The Last Four Years Have Been Earth's Warmest on Record

Chris Dolce
Published: January 8, 2019

Earth had its fourth-warmest year on record in 2018, capping off a run of four years in row where global temperatures were the highest on record, according to Europe's Copernicus Climate Change Service.

The average global temperature across all of Earth's surface was 14.7 degrees Celsius in 2018, or more than 0.4 degrees Celsius above the 1981-2010 average, the agency said. That may not seem far above average, but when it comes to global temperatures, it's a significant margin.

Last year's average global temperature was 0.2 degrees Celsius below the warmest year on record set in 2016. Earth's second- and third-warmest years are 2017 and 2015, respectively.

Global temperatures in 2018 compared to the 1981-2010 average.

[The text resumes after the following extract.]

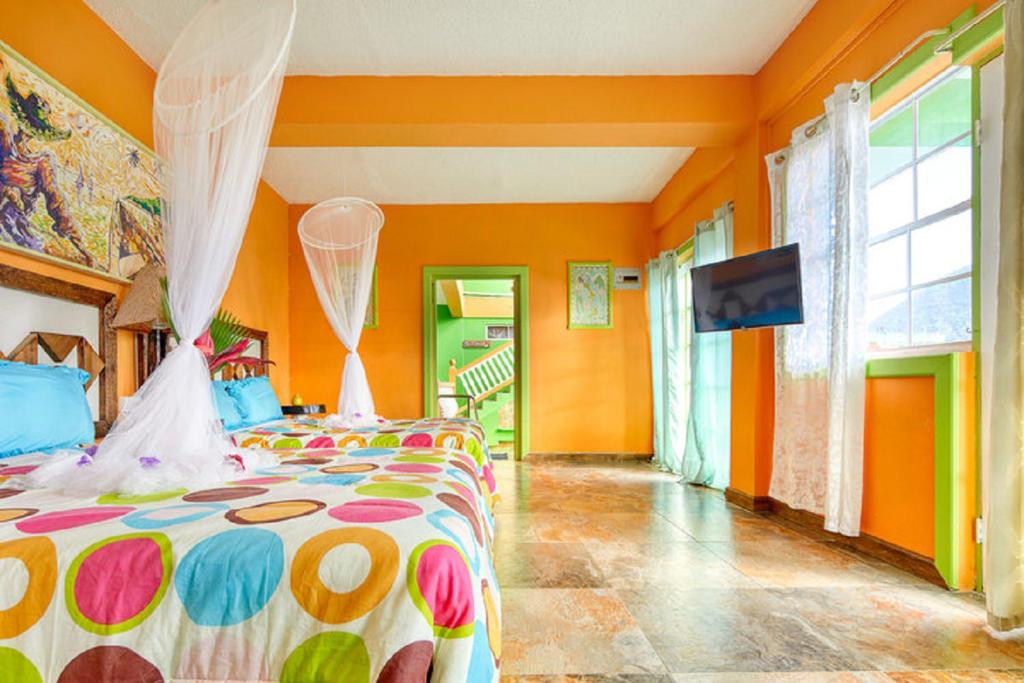 Schlafzimmer mit orangefarbenen Wänden und einem Bett mit einer farbenfrohen Tagesdecke in der Unterkunft Villa Des Pitons in Soufrière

Orange shaded locations were above average overall in 2018 and blue shaded areas were below average.
(Copernicus Climate Change Services, ECMWF)

Much of the globe had warmer-than-average temperatures in 2018, as depicted in orange on the analysis above. There were a few pockets of cooler-than-average temperatures over northeast North America, central Asia and parts of the northern Atlantic Ocean and southern Pacific Ocean.

Copernicus Climate Change Service said Earth's average temperature for the past five years as a whole was 1.1 degrees Celsius above the pre-industrial average.

The Japanese Meteorological Agency (JMA) also found 2018 to be Earth's fourth-warmest year in its period of record dating to 1891. JMA's database says the four warmest years in order are: 2016, 2015, 2017 and 2018.

NOAA and NASA have not released their reports on how global temperatures fared in 2018. It's possible that the temperature data from those two U.S. agencies has been delayed because of the partial government shutdown.

In December, NOAA said 2018 was "virtually certain" to be Earth's fourth-warmest year in its database based on 10,000 simulations they ran through the end of the year.

Carbon Dioxide Concentrations Continued to Rise in 2018

The rise in carbon dioxide concentrations in recent years also continued in 2018, Copernicus Climate Change Service said.

Based on satellite observations, the growth rate of carbon dioxide concentrations on Earth in 2018 was higher than what was observed in 2017.

That said, 2018 had a lower growth rate in carbon dioxide concentrations than in 2015. In that year, the effects of a strong El Niño event gave carbon dioxide concentrations a boost.